The data.
####################
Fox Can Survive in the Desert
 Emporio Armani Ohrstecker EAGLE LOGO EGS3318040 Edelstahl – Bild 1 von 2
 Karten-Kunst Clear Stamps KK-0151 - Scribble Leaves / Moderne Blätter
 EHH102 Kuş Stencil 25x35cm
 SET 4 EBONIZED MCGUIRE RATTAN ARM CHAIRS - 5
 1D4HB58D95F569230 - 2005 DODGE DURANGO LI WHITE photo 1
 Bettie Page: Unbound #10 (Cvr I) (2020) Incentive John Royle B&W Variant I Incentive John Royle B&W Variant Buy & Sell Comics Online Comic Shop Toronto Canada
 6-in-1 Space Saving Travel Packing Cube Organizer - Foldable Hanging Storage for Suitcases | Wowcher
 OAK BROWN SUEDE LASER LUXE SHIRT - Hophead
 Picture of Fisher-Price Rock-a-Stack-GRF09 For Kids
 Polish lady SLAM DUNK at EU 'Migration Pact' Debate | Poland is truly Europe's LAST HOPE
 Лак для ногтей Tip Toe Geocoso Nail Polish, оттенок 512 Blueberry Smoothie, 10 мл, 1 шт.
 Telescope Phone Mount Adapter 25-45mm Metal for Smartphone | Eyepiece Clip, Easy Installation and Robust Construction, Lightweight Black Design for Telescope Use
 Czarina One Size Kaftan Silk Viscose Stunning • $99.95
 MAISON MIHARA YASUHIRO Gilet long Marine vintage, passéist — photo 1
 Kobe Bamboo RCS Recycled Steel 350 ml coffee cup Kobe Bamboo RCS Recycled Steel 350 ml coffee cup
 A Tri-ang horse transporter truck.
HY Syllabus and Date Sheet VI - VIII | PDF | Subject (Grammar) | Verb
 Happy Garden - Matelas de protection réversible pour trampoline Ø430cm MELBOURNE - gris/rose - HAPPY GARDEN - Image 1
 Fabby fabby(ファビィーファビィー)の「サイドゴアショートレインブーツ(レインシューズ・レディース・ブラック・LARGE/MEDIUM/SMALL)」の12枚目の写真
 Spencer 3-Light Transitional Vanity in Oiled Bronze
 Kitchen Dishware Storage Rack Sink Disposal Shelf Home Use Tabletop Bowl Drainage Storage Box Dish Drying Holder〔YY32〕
####################
Exercise prompt. Return each line of the data above verbatim.

Expected answer.
Fox Can Survive in the Desert
 Emporio Armani Ohrstecker EAGLE LOGO EGS3318040 Edelstahl – Bild 1 von 2
 Karten-Kunst Clear Stamps KK-0151 - Scribble Leaves / Moderne Blätter
 EHH102 Kuş Stencil 25x35cm
 SET 4 EBONIZED MCGUIRE RATTAN ARM CHAIRS - 5
 1D4HB58D95F569230 - 2005 DODGE DURANGO LI WHITE photo 1
 Bettie Page: Unbound #10 (Cvr I) (2020) Incentive John Royle B&W Variant I Incentive John Royle B&W Variant Buy & Sell Comics Online Comic Shop Toronto Canada
 6-in-1 Space Saving Travel Packing Cube Organizer - Foldable Hanging Storage for Suitcases | Wowcher
 OAK BROWN SUEDE LASER LUXE SHIRT - Hophead
 Picture of Fisher-Price Rock-a-Stack-GRF09 For Kids
 Polish lady SLAM DUNK at EU 'Migration Pact' Debate | Poland is truly Europe's LAST HOPE
 Лак для ногтей Tip Toe Geocoso Nail Polish, оттенок 512 Blueberry Smoothie, 10 мл, 1 шт.
 Telescope Phone Mount Adapter 25-45mm Metal for Smartphone | Eyepiece Clip, Easy Installation and Robust Construction, Lightweight Black Design for Telescope Use
 Czarina One Size Kaftan Silk Viscose Stunning • $99.95
 MAISON MIHARA YASUHIRO Gilet long Marine vintage, passéist — photo 1
 Kobe Bamboo RCS Recycled Steel 350 ml coffee cup Kobe Bamboo RCS Recycled Steel 350 ml coffee cup
 A Tri-ang horse transporter truck.
HY Syllabus and Date Sheet VI - VIII | PDF | Subject (Grammar) | Verb
 Happy Garden - Matelas de protection réversible pour trampoline Ø430cm MELBOURNE - gris/rose - HAPPY GARDEN - Image 1
 Fabby fabby(ファビィーファビィー)の「サイドゴアショートレインブーツ(レインシューズ・レディース・ブラック・LARGE/MEDIUM/SMALL)」の12枚目の写真
 Spencer 3-Light Transitional Vanity in Oiled Bronze
 Kitchen Dishware Storage Rack Sink Disposal Shelf Home Use Tabletop Bowl Drainage Storage Box Dish Drying Holder〔YY32〕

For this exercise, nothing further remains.